Symmetry- and Energy-Resolved Entanglement Dynamics in Disordered Bose-Hubbard Model

Abstract: Using numerical quantum quenches with the integration of both symmetry and energy resolutions, we comprehensively study the dynamics of symmetry-resolved entanglement in a disordered Bose-Hubbard (dBH) model, concentrating on the two types of inhomogeneous initial states to target the lower- and higher-energy sections of its dynamical phase diagram. (i) Motivated by the recent experiment [A. Lukin et al., Science 364, 256 (2019)] which focused on the lower-energy dynamic behaviors of the dBH chain, we first show that, at low energies, for a thermalizing state, although the second law of thermodynamics prohibits the decrease of the total entropy over time, for part of the channel-resolved entropies, a long-term entropic reduction may arise at weak disorder. (ii) A companion channel-resolved analysis at strong disorder further hints that the priorly observed double-log growth of the number entropy might not directly indicate the breakdown of MBL in spin or fermion chains, providing a refreshing perspective on this major controversy in the community. (iii) From time-evolving the line-shape low-energy product state, we subsequently reveal an abrupt formation of a novel "entropy imbalance pattern" across the different symmetry channels.

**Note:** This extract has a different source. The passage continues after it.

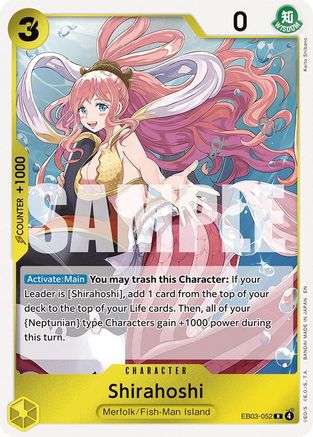 Shirahoshi (EB03-052)  -  Rare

Intriguingly, this imbalance melts in the strong-disorder limit. We conjecture that the melting of the entropic pattern, together with the freezing of a concurrent particle-density wave, embodies a dual trait inherent to MBL. (iv) Specifically, we find a cluster MBL regime, unique to the Bose statistics, emerging from the higher-energy section. This cluster MBL regime realizable even at weak disorder appears not suffer from the finite-size drift and is distinguished by its absence of the hallmark of MBL - the unbounded growth of the entanglement entropy. Our theoretical predictions are by and large testable via the present experimental facilities.